The story of Abraham going to Egypt is given detailed treatment in this book.  To escape a famine Abraham travels to Egypt, but he disguises the relationship with his wife and we read in the Bible that the ruler took Abraham's wife as his wife. This is clearly a dubious decision on the part of Abraham, but as the book states this, "...is a craft not unnatural in the Oriental, but certainly far from commendable" (p. 127).  This action brought plagues upon the house of the ruler, and when the Pharaoh discerned the cause:
"The Pharaoh sent for Abraham, reproached him with his deceit, pointed out the ill consequences which had followed, and, doubtless in some displeasure, required him to take his wife and depart.
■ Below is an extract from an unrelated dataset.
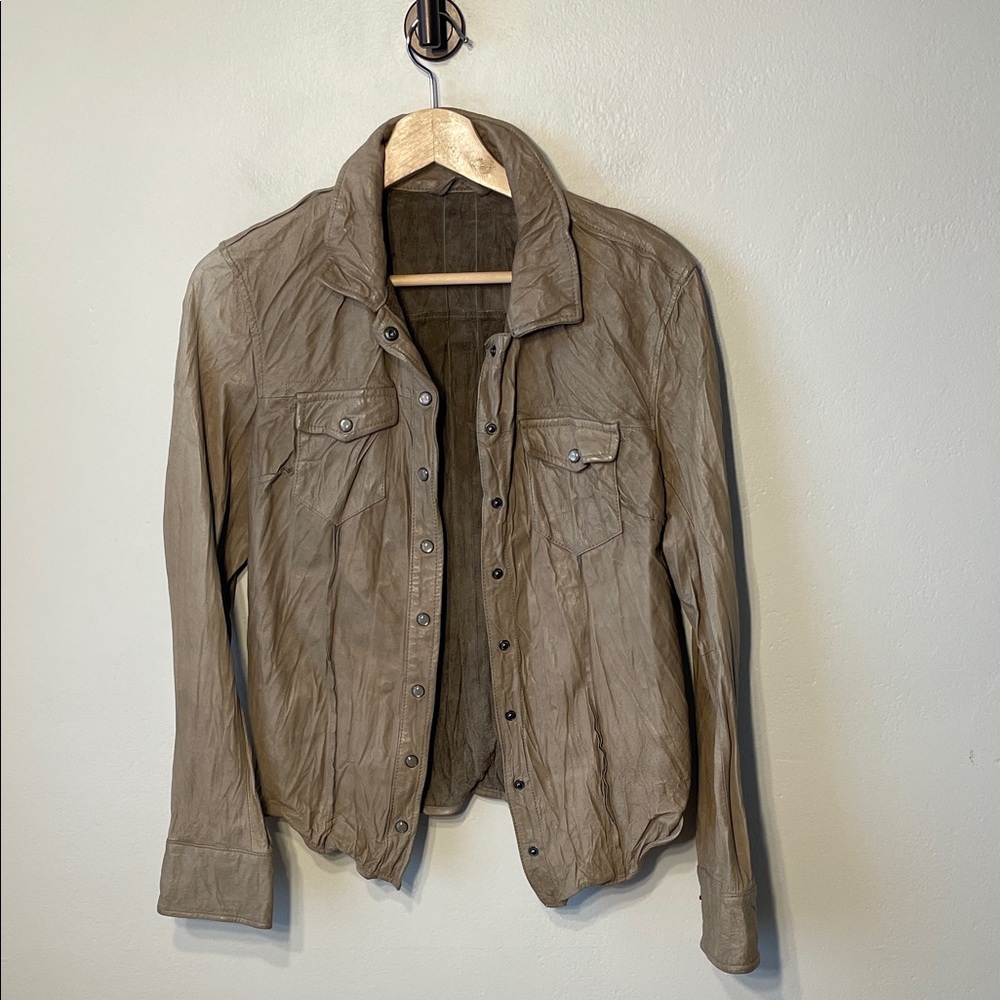 Allsaints Leather Snap Button Shacket - image 2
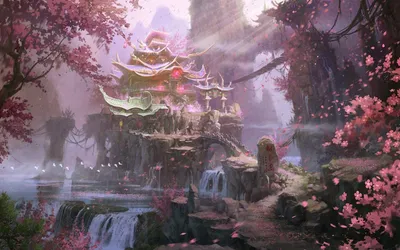 Depicting Fantasy Majestic Castle Surrounded Fantasy Wallpaper 4K 1920x1200 Hd, Desktop, Wallpaper, Depicting, A, Fantasy, Scene, With, Majestic, Castle, Surrounded, Pink, Gray, Ultrawide, Full HD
The famine was at an end, and there was no reason why he should linger.  Beyond reproach, however, Pharaoh inflicted no punishment.  He "commanded his men concerning Abraham ; and they sent him away, and his wife, and all that he had" (p. 130).  

The last part of this passage is in italics because the author notes that this was not the only entrance of the Hebrews into Egypt.  The story of Abraham did not apply to one person or a small household alone, but to wider movements of peoples.

Ussher notes that the date of the famine was 1921 BC,(10) a date that fits in within the range found by modern scholarship. This date is not noted specifically by Rawlinson. Some archaeologists suggest, on the basis of surveys, that there were many settlements in cultivable valleys along the route of travel to Egypt in the 21st century BC, but that by the 19th century BC they were abandoned and generally not rebuilt in later periods.(11)  Modern scholarship suggests that the time of the patriarchs should be placed in the early second millennium BC, or the Middle Bronze Age.  Willian Foxwell Albright suggests that:
"If we accept the probable hypothesis of some connection between the Hebrew entrance into Egypt and the Hyksos movement, and add three or four generations, we arrive at a date somewhere between 1900 and 1750 B.C. for Abraham's migration.  The Patriarchal Age of Hebrew history would then fall somewhere in the latter part of the Middle Bronze Age in Palestine and during the late Middle Empire and the Hyksos period in Egypt." (12)

(10) Ussher does not detail how he arrived at this date.
(11) Glueck, N. (1955). “The Age of Abraham in the Negeb,” Biblical Archaeology 18, pp. 2-9.
(12) Albright, W.F. (1940).  From the Stone Age to Christianity.  Johns Hopkins: Baltimore, p. 150.